In a Vox editorial, Bachmann and his co-authors observed that there had been “Public fear-mongering about the catastrophic consequences of an energy embargo from lobby groups and affiliated think tanks”. But they rejected this “fear mongering” because it “does not hold up to academic standards” (Bachmann et al. 2022b).
Which is a pity, because the empirical data shows that, at the global level, the relationship between changes in energy and changes in GDP is 1:1. Figure 1 plots the annual change in energy against the annual change in global GDP between 1970 and 2017, and one fits the other like a glove. If energy falls by 10%, then on the historical record, GDP will fall by the same amount.
So who are you going to trust—the empirical evidence, or assurances from mainstream economists which contradict the empirical evidence?
This situation reminds me of the old Marx Brothers line “who are you going to trust? Me, or your lying eyes?”, and the comment about economists by a former chair of the US President’s Council of Economic Advisers, Walter Heller, that “An economist is someone who says, when an idea works in practice, ‘let’s see if it works in theory.'”
Bachmann rejected the assertion—which is borne out by the empirical data—that the relationship between energy and GDP could be one for one, on the basis of mainstream economic theory: if mainstream theory applies in reality, then the relationship between energy and GDP could not be one for one. He put it this way (I’ll explain the jargon—highlighted in italics below—shortly):
If factors markets are competitive so that factor prices equal marginal products, this then implies that similarly the price of energy jumps to 1/a and the prices of other factors fall to zero… this then also implies that the expenditure share on energy jumps to 100% whereas the expenditure share on other factors falls to 0%. We consider these predictions to be economically nonsensical.
I do too—but that’s because Neoclassical theory is nonsensical. The next paragraph explains the jargon. Don’t worry if you don’t quite understand it—frankly, you’ll have more trouble coping with reality if you do understand it!
“Factor markets” mean the markets that set the wage rate for workers and the profit rate for capitalists. “Competitive” means that there are no unions or employer associations involved in wage bargaining or price setting. “Factor prices” means wages and the rate of profit. “Marginal products” means the amount that the last worker (or last machine) adds to output—if the last worker hired increases output by $1000 a week, then the wage for all workers will be $1000 a week. The Greek symbol “a” represents the fraction of GDP that is involved in the production of energy, and it’s just 4%.

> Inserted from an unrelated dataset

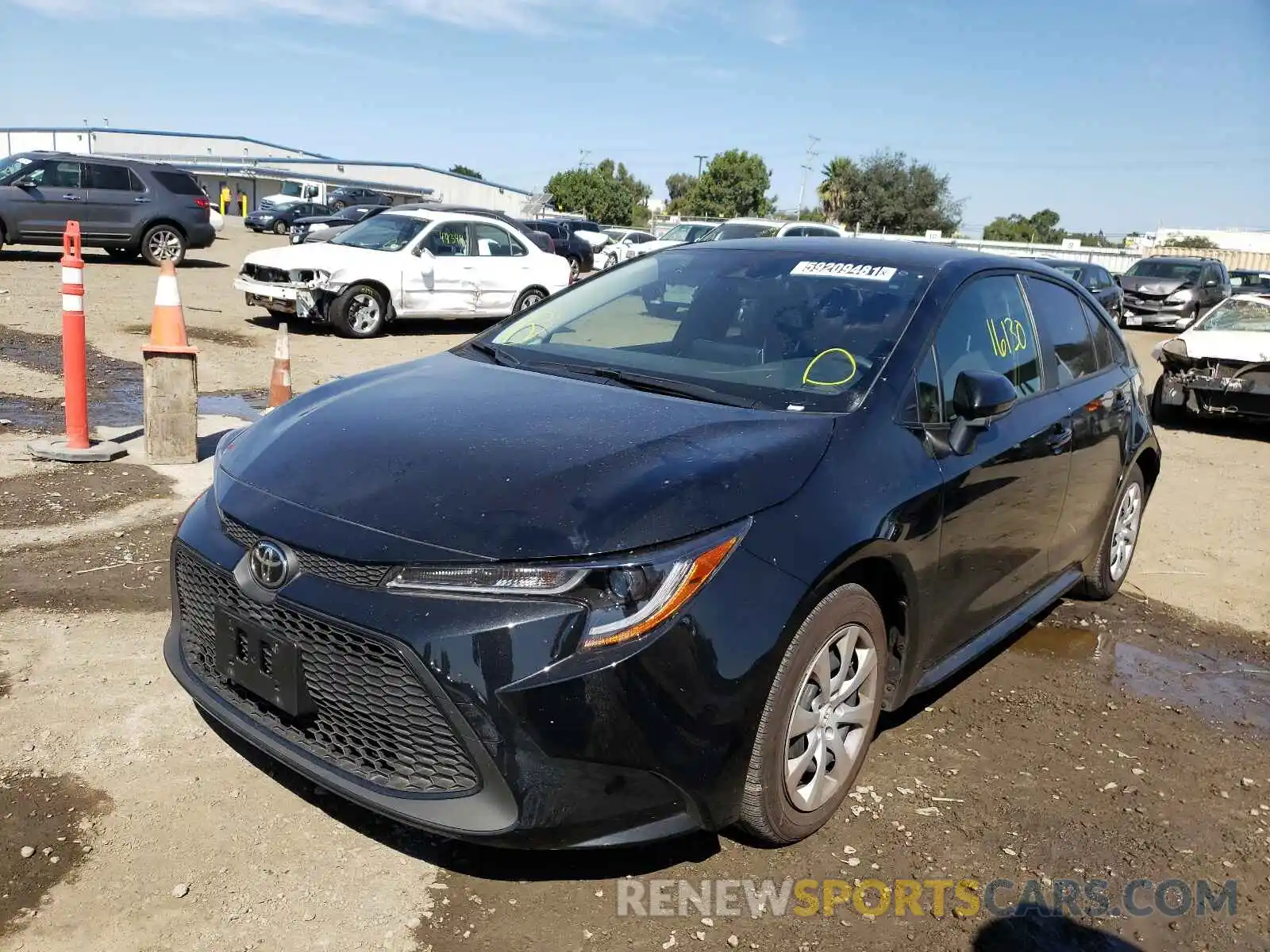 2 Photograph of a damaged car JTDEPMAE5MJ166968 TOYOTA COROLLA 2021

The rest of the paragraph states that, according to Neoclassical theory, if these assumptions were true, and the Neoclassical model of production and distribution is correct, and there was a 1:1 relationship between change in energy and change in GDP, then all of GDP would be spent buying energy, and wages and profits would be zero.
Since these last two results are obviously false—wages and profits aren’t zero, and spending on energy isn’t equal to GDP—Bachmann concluded that therefore, there could not be a 1:1 relationship between change in energy and change in GDP.
Only there is, as Figure 1 makes abundantly clear! So, something else must be wrong. The only two choices are (a) the assumption that “factor markets are competitive” is false, and (b) the model of production and distribution that mainstream economists use is false.
In fact, both are false—but the first is much less important than the second. There are unions involved in setting wages, but unions are much weaker now than they were forty years ago, so maybe you could pretend that the labour market is “competitive”.
The real problem though, is the Neoclassical theory of production and distribution. It has more holes in it than a Swiss cheese, so I can’t cover them all here (I’ll discuss them in more detail in a technical post). The key one for this paper is that the Neoclassical model assigns a trivial role for energy in production. Bachmann notes that in the simplest version of the model, the so-called “Cobb-Douglas Production function … a drop in energy supply of … 10% … reduces production by … 0.4%”.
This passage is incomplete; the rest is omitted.